Kamla Signs President Nomination
If ever there was a time that Trinidad and Tobago needed people to unite it is now. In accepting the invitation of the government last week to have discussions with respect to the nomination of our country’s next President, I noted the importance of this decision at this time for our country.
Today our country is more divided than ever before. The criminal element is holding our citizens to ransom and with each passing day, the level of suffering that our citizens are forced to endure becomes more unbearable and agonizing.
There is a sense of hopelessness and despair engulfing our nation and our citizens are becoming more and more desperate for a reprieve; some measure of hope.
The unprecedented times that our nation is experiencing call for extraordinary action to help our country to move towards greater unity. It is only when we are united that we will be able to rescue Trinidad and Tobago from the position in which we find ourselves and heal the fractures that have been created.
Our country was built upon the motto that together we aspire together we achieve.
We cannot continue in the vein we have been going, we cannot continue with the division of people and our country; it is time for us to come together, to work together, to collaborate and to try to heal our country.
Having carefully considered the government’s nominee in the person of Madam Justice Paula Mae Weekes and having held discussions with our members of Parliament and various persons in the country, and, having listened carefully to all of the varying and diverse views expressed, we took the decision to support the government’s nominee.
For myself, I have had the honour and the privilege to be appointed the first female Attorney General of our country, the first female leader of the Opposition and the first female Prime Minister of our beloved country.
My life in public service has been an example that the women and girls of our country can aspire to any position nationally and internationally. It gives me great pleasure, personally, to support the nomination of a woman for President of Trinidad and Tobago.

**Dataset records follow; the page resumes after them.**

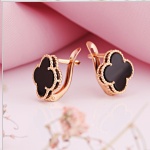 Золотые серьги, сделанные из красного золота 585 Black Onyx ⌀10 мм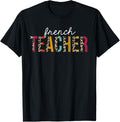 French Teacher Life Leopard Educator Appreciation Apparel Comfort Fit Best Seller Look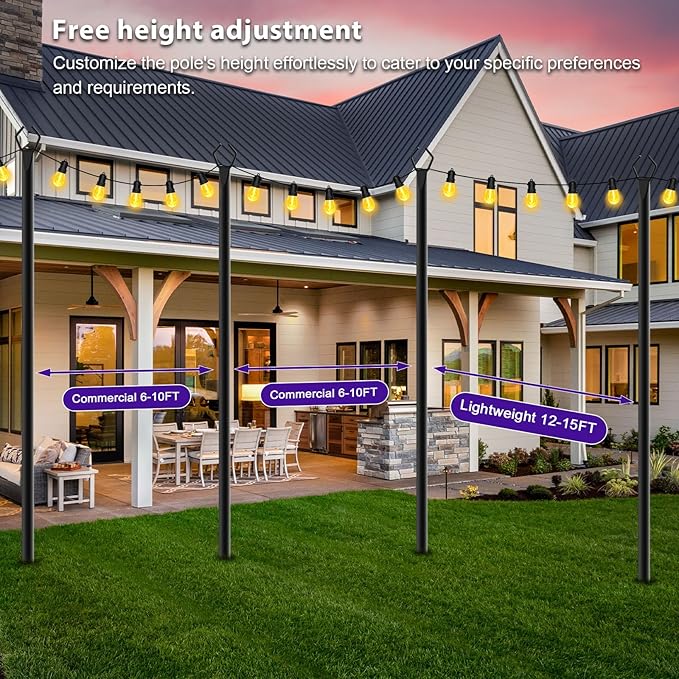 zoegi 2 Pack 10Ft String Light Poles,Light Poles for Outside Lights with Fork,Outdoor Brackets Hanging Lights,Metal Stand for Deck Patio,Backyard,Wedding,Deck,Party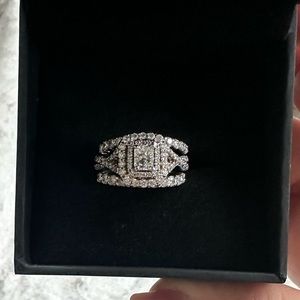 Zales halo wedding ring with bands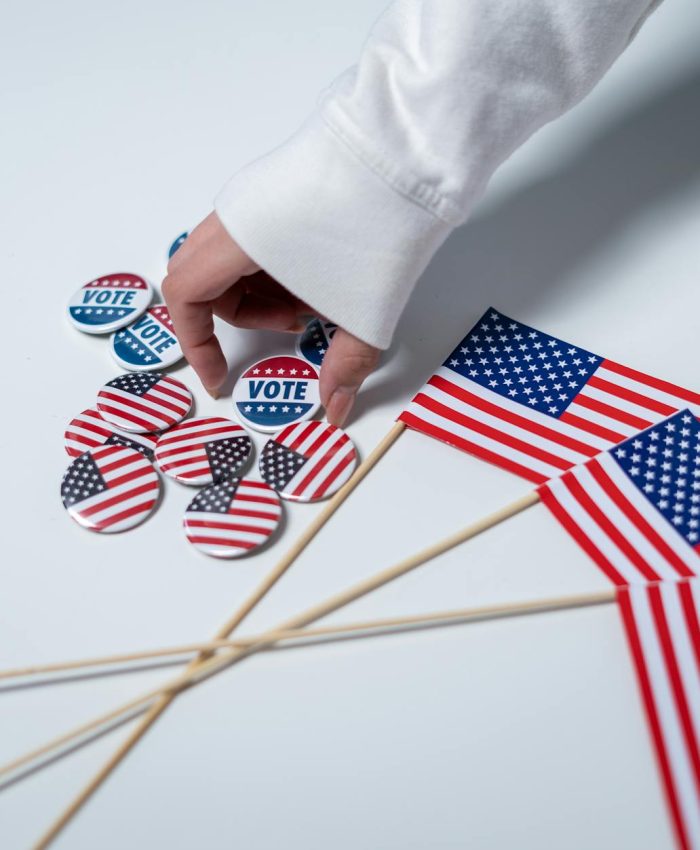 american flags and pins
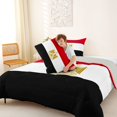 thumbnail image 4 of Manfei Egypt Flag Full Size Comforter Sets,World Tour Bedding Comforter Set,Red White Black,Light Gray Reversible,3 Pieces,1 Comforter and 2 Pillowcases, 4 of 7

It is time that we elect a woman to hold the highest office in our land not because she is a woman, but because by her actions she is deserving of the office and suitably qualified.
While our history will show that the Opposition’s support for a government nominee is not unprecedented, under the circumstances currently facing our country and with the unprecedented level of mistrust and betrayal that some citizens have towards the present administration, support for any proposal of this government, especially for the office of President, is not one that is politically expedient or without its challenges.
However, at this time, we firmly believe that all other interests should be placed second to the interest of Trinidad and Tobago.
Many may have their reservations about the exceptional action that we have taken at this time in co-signing the nomination form for the Government’s nominee for the office of President.
In considering the Government’s nominee, two concerns surfaced, and I raised these with the Government; they had to do with whether Madam Justice Weekes satisfies the requirements under the Constitution.
Specifically Section 23. (1) which states that
A person is qualified to be nominated for election as President if, and is not so qualified unless, he is a citizen of Trinidad and Tobago of the age of thirty-five years or upwards who at the date of his nomination has been ordinarily resident in Trinidad and Tobago for ten years immediately preceding his nomination.
The concern was raised with regard to Madame Justice Weekes’ appointment as a judge of the Turks and Caicos Islands Court of Appeal, and her residency in Trinidad and Tobago.
The second concern is with respect to the Chapter 3, Section 23. (3), which states that: a person is not qualified to be nominated for election as President who is disqualified for election as a member of the House of Representatives by virtue of section 48(1)…which states: “No person shall be qualified to be elected as a member of the House of Representatives who— (a) is a citizen of a country other than Trinidad and Tobago having become such a citizen voluntarily, or is under a declaration of allegiance to such a country”.
In this case, the question arose as to whether Madam Justice Weeke’s judicial oath, which she took when she was sworn in as a judge of the Turks and Caicos Islands Court of Appeal applies.
I raised these matters with Minister in the Office of the Prime Minister, Stuart Young, and he has indicated, in writing, that the Government is satisfied that its nominee meets all the requirements under the Constitution.
Other reservations that have been expressed in the public domain, some of which may be justifiable because of our history, the experiences of people under this regime, and more so because of the lack of faith and trust some have in this government.
While I understand the caution that many have urged upon me, we took this exceptional action at this time, in the interest of all of the people of our country, to have a united view in the election of the first female President of Trinidad and Tobago.
I trust that Madam Justice Weekes will understand the faith that the country has placed in her by the collaborative support given for her election and that she will, in the discharge of her duties and responsibilities fulfill the expectations of all the people of this land, by virtue of her unwavering, uncompromising and impartial execution of those duties and responsibilities.